"Un angelo si è seduto accanto a me e quando mi sono voltata per chiedergli "perché?" ha aperto le sue lunghe e bianchissime ali ed è volato via..." Quell'angelo era mia sorella Alice. Flaviaccia
martedì 24 novembre 2009
La vergine e la puttana /2
Ieri vi ho parlato della puttana come una ragazza che ha deciso col suo cervello di darla a tutti, ma senza mai pretendere nulla in cambio, perché vive la propria vita come una cosa cadùca. Unendo rabbia, rancori, ingiustizie mai digerite e profondo disamore verso se stessa (a volte proprio odio), oltre al disprezzo verso gli altri, specie l'essere maschile: potevo colpire un gatto solo perché maschio, o un cane per lo stesso motivo.... o uccidere un insetto con la certezza di avere ucciso un maschio che mi stava intorno....
Oggi desidero presentarvi la vergine (con la "v" minuscola: non è la Madonna).
Mia sorella Alice ha da sempre considerato la propria sessualità come un dono: da bambina (9-11 anni) vedeva nel proprio sesso come il dono da offrire al suo "principe azzurro". Un po' come ancora oggi si usa nel profondo Sud.
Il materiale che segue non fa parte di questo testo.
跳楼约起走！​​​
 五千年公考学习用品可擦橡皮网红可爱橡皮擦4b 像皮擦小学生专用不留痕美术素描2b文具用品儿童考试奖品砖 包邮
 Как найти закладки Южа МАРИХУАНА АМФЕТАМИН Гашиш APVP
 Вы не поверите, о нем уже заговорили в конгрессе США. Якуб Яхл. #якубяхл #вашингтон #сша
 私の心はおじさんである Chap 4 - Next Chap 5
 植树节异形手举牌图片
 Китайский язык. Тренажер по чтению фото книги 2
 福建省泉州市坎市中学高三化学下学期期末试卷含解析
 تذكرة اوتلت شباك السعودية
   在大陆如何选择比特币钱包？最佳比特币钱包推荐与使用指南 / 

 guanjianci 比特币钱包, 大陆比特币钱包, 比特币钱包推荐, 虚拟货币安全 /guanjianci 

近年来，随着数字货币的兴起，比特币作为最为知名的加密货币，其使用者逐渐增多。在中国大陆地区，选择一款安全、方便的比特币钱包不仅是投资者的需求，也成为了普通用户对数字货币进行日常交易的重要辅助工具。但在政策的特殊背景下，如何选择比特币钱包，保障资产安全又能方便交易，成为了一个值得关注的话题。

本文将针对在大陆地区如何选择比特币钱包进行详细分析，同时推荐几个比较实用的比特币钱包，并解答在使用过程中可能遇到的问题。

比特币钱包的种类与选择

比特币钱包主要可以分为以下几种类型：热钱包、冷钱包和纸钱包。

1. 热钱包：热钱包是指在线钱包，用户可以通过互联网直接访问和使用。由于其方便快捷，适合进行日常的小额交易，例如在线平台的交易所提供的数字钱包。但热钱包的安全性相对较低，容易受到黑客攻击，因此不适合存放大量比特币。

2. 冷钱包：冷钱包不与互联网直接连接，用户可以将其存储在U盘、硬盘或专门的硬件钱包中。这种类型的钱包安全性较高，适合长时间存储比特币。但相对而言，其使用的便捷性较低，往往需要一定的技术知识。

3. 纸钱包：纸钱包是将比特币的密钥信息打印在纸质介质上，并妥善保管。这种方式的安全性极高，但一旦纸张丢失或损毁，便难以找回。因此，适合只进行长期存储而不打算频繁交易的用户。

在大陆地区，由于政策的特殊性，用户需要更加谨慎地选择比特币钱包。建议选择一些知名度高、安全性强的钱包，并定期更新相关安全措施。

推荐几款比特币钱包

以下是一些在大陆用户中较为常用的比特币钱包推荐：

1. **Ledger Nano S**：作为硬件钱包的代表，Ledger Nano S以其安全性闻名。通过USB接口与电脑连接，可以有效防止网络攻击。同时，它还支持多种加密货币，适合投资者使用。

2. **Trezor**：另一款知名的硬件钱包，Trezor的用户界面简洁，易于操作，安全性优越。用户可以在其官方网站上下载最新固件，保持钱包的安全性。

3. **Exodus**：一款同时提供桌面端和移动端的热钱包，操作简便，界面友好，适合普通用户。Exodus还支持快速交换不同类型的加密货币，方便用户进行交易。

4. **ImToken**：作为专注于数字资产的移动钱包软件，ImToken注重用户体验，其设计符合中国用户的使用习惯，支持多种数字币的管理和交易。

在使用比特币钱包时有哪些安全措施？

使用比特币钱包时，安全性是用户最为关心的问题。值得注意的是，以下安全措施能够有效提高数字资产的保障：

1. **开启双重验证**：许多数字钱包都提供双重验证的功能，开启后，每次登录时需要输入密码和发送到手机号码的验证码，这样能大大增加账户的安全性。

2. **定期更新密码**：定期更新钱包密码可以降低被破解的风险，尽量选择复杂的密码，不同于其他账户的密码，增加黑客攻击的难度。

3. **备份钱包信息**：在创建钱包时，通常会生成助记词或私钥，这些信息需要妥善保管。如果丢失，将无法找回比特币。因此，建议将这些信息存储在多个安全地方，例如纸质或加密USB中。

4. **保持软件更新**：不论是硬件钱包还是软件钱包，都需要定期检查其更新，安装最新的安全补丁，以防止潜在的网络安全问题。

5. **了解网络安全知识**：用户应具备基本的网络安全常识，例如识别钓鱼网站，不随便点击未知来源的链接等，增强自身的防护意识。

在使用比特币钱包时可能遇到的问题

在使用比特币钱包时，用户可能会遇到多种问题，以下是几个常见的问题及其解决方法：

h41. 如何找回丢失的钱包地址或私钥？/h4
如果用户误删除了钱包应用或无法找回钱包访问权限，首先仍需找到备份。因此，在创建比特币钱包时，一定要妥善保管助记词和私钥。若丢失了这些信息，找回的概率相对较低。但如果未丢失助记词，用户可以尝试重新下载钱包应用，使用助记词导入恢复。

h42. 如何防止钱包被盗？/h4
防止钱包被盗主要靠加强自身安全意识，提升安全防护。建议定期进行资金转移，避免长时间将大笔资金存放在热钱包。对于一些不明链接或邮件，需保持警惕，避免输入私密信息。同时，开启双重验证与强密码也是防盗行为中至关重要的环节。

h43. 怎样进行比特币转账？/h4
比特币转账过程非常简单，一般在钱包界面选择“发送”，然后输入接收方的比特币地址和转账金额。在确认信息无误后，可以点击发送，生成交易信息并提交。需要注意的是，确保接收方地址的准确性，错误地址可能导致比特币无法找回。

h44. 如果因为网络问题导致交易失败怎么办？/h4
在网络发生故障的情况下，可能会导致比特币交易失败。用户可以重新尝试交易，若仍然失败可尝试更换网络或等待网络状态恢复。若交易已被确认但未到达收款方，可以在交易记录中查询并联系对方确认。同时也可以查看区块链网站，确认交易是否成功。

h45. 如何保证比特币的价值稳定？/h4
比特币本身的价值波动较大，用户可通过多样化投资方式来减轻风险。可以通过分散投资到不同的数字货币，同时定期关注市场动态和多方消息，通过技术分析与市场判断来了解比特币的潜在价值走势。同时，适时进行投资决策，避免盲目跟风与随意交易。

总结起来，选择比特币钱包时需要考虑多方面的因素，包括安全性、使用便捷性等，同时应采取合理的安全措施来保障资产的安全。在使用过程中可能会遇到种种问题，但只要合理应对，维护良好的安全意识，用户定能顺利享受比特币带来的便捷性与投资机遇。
Dopo la sua conversione (in realtà sono certa che lei è nata per essere suora: per fare del bene, per pregare, per aiutare tutti specie chi la respinge e la odia; con una predilezione verso i deboli, i disadattati, gli umili, quelli che nessuno "vede") il dono della verginità è diventata ancora più profondo, visto che aveva trovato il Principe azzurro e che questi non era niente di meno che il nostro Signore Gesù.
Il corpo era un tempio, una chiesa, la casa di Dio: non poteva profanarla nemmeno se avesse voluto.
Questo Dio lo sapeva bene: delle due amiche rapite Alice si era salvata, condannando l'amica Asia al calvario e alla frustrazione della violenza carnale.
Il senso di sconforto che Alice ebbe subito dopo quella disavventura passò da un iniziale senso di inferiorità verso l'amica più sfortunata per poi sfociare verso il senso di gratitudine verso tutte le creature di Dio, sia esse buone (a trovarle!) che stronze. Questi ultime persone Alice le chiamava "i più sfortunati" (non i più bastardi ma i più sfortunati!!!): perché non potevano dimostrare agli altri l'amore che Dio aveva per loro.
Capite perché io non potevo proprio nemmeno assomigliare alla mia gemella?